> _What the task requires_
Excluding images, repeat the data exactly as given.

Input data section start

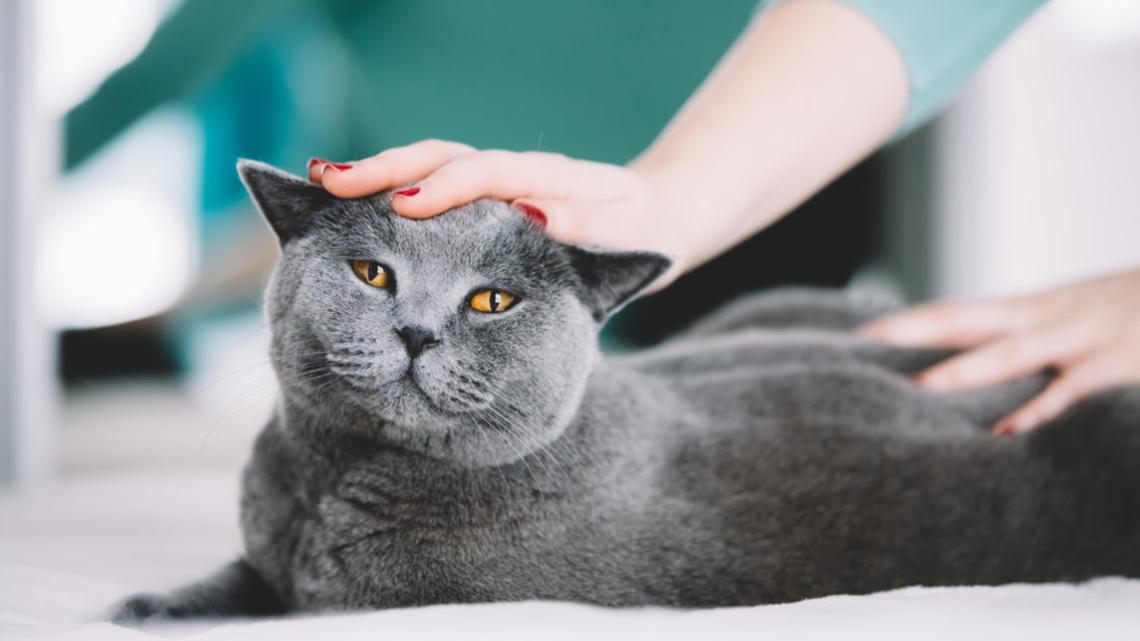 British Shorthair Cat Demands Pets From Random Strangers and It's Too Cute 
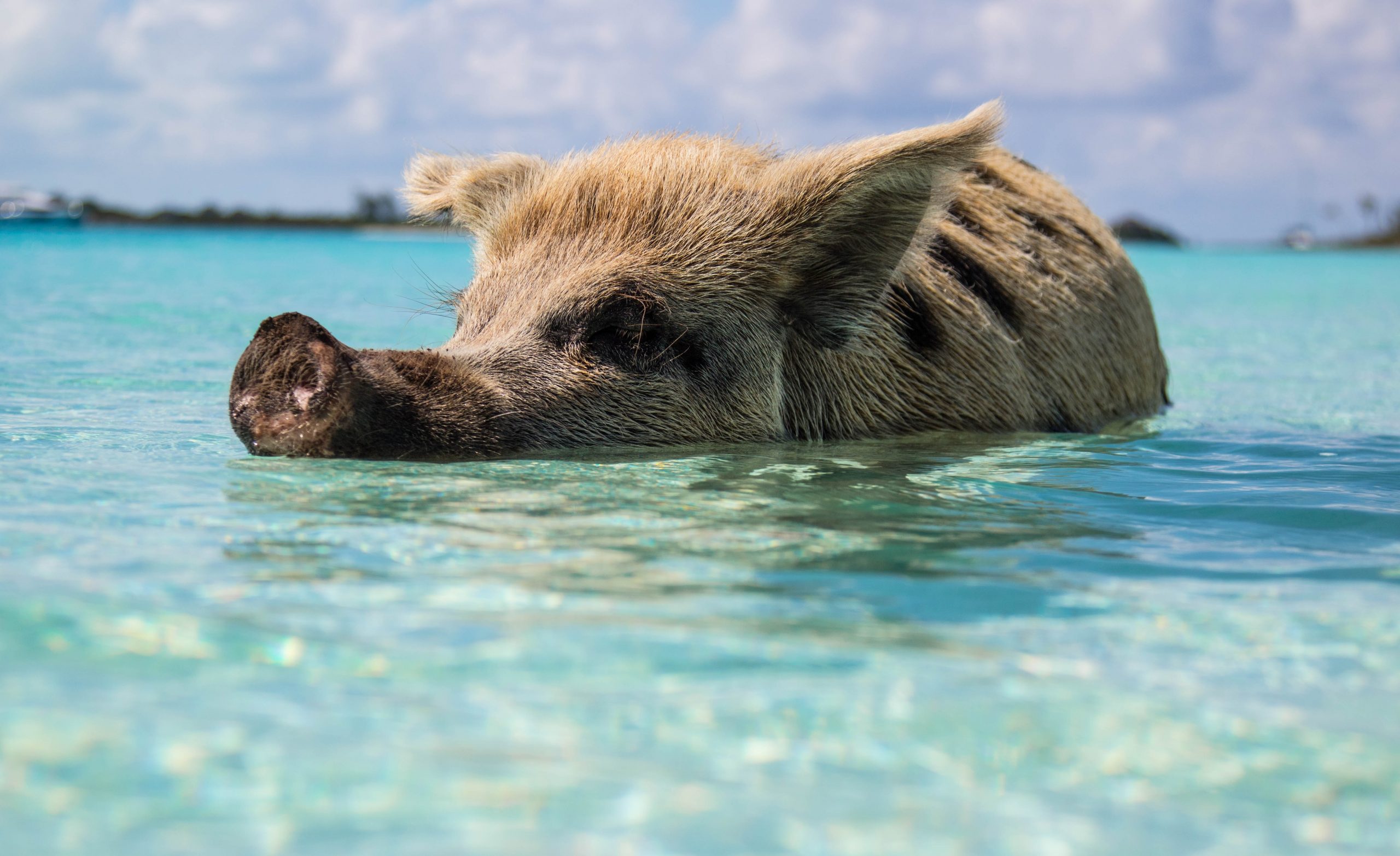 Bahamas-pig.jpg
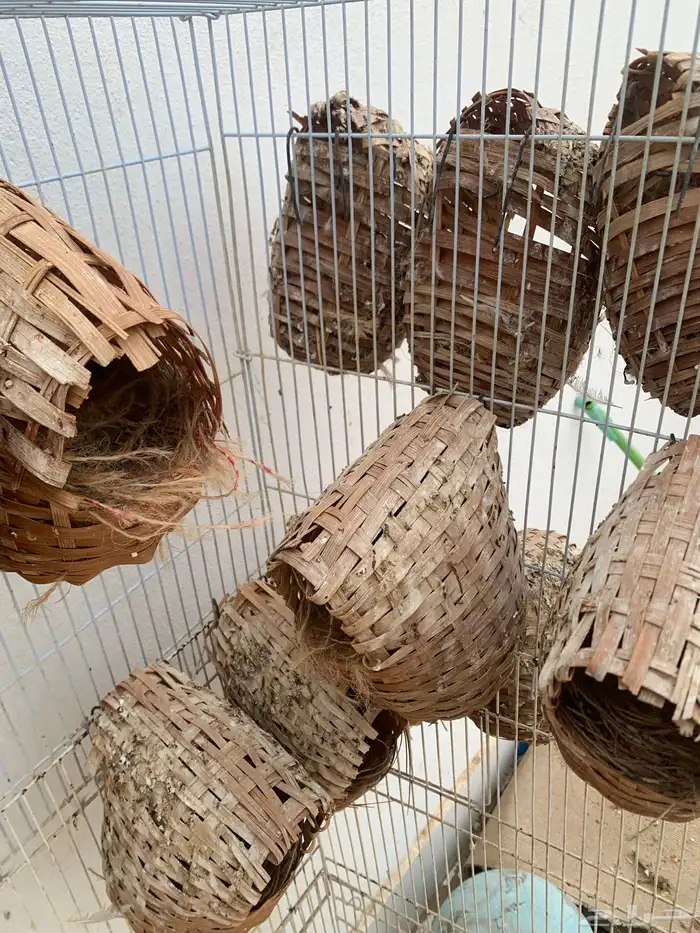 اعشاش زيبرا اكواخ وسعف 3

Input data section end

> _Output of the task_
 British Shorthair Cat Demands Pets From Random Strangers and It's Too Cute 
 Bahamas-pig.jpg
 اعشاش زيبرا اكواخ وسعف 3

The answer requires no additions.